-- Task directions --
Every line from the one with "a bedroom with" up to and including the one with "A group gathers around the Enigma machine" is to be output exactly as it appears below; pictures are not.

-- Records to use --
*** Block opens ***

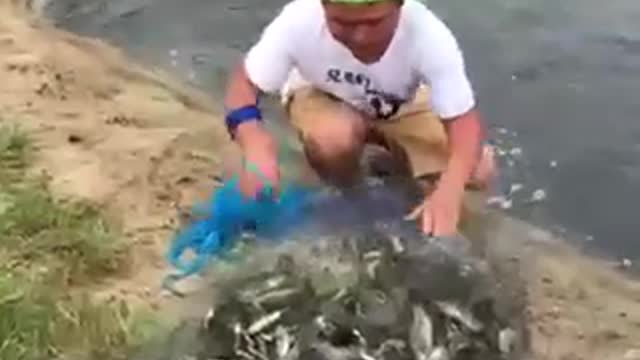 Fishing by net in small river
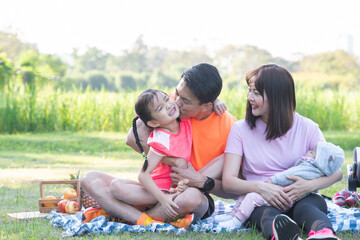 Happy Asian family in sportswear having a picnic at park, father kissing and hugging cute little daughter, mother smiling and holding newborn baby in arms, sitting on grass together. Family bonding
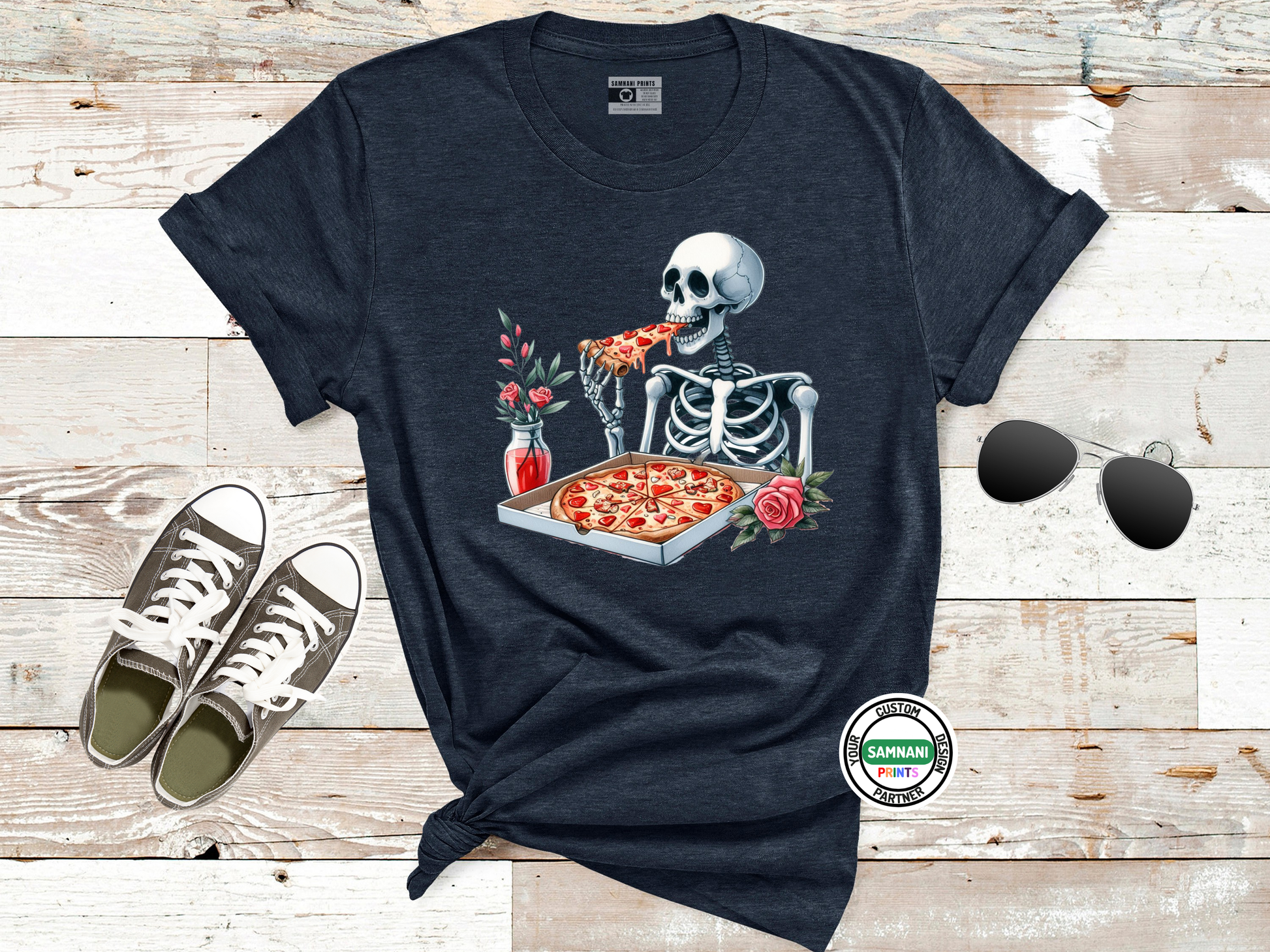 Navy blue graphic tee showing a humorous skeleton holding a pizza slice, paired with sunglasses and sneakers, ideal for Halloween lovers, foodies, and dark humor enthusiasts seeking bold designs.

*** Block closes ***
*** Block opens ***

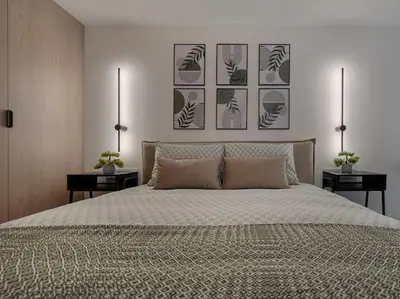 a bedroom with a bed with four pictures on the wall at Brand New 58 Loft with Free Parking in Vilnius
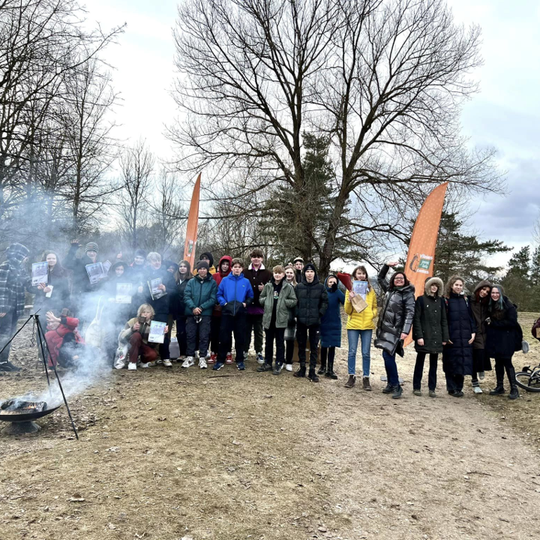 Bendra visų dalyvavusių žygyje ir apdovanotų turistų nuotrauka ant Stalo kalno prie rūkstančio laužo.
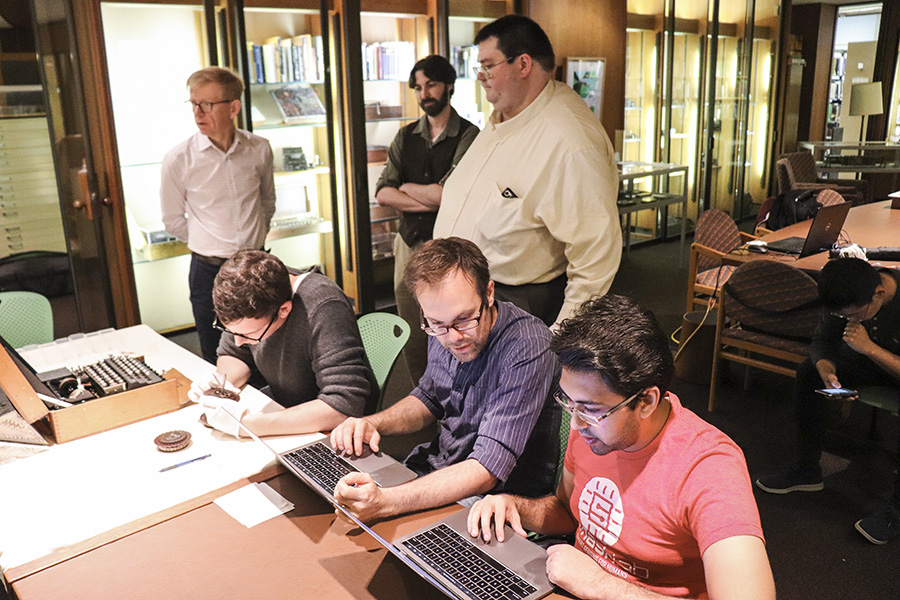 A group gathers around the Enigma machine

*** Block closes ***

-- Your solution --
 a bedroom with a bed with four pictures on the wall at Brand New 58 Loft with Free Parking in Vilnius
 Bendra visų dalyvavusių žygyje ir apdovanotų turistų nuotrauka ant Stalo kalno prie rūkstančio laužo.
 A group gathers around the Enigma machine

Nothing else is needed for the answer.